Sexi is the right adjective.

I like the way you telle the story of her, she's got a soul and that's makes her unique.


----------



## Tube_Shooter (Dec 8, 2012)

Lady in red dancing for Jaximus

Great work you done Ash


----------



## quarterinmynose (Jan 21, 2012)

Red leather!, black cordage! and silver theraband!

*whawhawhoowhee :naughty:* 

she is very nice.


----------



## M.J (Nov 1, 2010)

Oooooo!
Very nice!


----------



## rockslinger (Nov 16, 2010)

Great job on that!!


----------



## mr. green (Nov 3, 2012)

Lady in red, so sexy. Thank you for sharing.


----------



## Jaximus (Jun 1, 2013)

The pictures don't even do it justice, guys. When I opened the box she came in golden light shot out and a chorus of angels could be heard across the land. What a magnificent piece of work. I can't thank you enough, ash. Scarlett will be treasured in my family for generations to come. Provided I don't use her powers to open a portal to another dimension.
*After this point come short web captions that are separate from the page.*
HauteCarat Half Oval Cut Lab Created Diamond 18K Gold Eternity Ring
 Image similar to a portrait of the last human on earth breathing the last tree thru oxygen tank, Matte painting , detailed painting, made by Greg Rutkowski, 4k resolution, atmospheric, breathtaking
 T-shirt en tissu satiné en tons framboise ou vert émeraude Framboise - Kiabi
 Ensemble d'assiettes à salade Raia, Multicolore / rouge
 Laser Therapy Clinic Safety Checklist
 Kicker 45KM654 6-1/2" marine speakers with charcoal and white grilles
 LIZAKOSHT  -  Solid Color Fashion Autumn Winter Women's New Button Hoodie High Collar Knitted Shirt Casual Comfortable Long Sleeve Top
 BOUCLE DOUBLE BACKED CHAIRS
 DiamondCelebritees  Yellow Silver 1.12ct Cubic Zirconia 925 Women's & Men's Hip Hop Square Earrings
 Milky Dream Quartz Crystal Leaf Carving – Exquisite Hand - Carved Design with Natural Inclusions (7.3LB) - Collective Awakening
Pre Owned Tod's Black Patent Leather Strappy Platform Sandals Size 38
A dimension in which I would be King.......


----------



## Dr J (Apr 22, 2013)

Very well done Ash, beautifully unique!


----------



## leon13 (Oct 4, 2012)

wow ................just have to wait a little more

cheers


----------



## TxTickPkr (Aug 5, 2013)

Very nice work on Scarlett, Ash. She's beautiful and you sent her off to the prom in a red leather bustier! :-0


----------



## TxTickPkr (Aug 5, 2013)

Just looked at the link about the "Myrtle". We all need to get over to New Zeeland with our slingshots and solve that introduced species brushytailed possum problem and save these trees.


----------



## e~shot (Jun 3, 2010)

quarterinmynose said:


> Red leather!, black cordage! and silver theraband!
> 
> *whawhawhoowhee :naughty:*
> 
> she is very nice.


woooooooooooow......


----------



## Ssdyle (Dec 12, 2012)

Looks like the one my wife made..


----------



## dan ford (May 13, 2013)

Very nice Ash ,love the corset !!
Lucky you king Jaximus !!!


----------



## Can-Opener (May 11, 2013)

Very Nice Ash!


----------



## jld70 (Mar 27, 2013)

Love it Ash! got a question, did you wet the leather to get it to sink into the finger groves?


----------



## bullseyeben! (Apr 24, 2011)

Nice work... Lucky JAXIMUS!


----------



## Imperial (Feb 9, 2011)

sweet looking burlesque shooter.


----------



## flicks (Feb 16, 2013)

Now that is one sexy looking shooter. Very well done Ash. Jaximus, you are a lucky guy!


----------



## HarryBee (Jun 29, 2013)

Don't get carried away, men. Sexy? Corset? I think some of you guys have been in the woods too much? Lol


----------



## ash (Apr 23, 2013)

Thanks, gentlemen!

It's great fun to make a slingshot with a theme or name to inspire things.



jld70 said:


> Love it Ash! got a question, did you wet the leather to get it to sink into the finger groves?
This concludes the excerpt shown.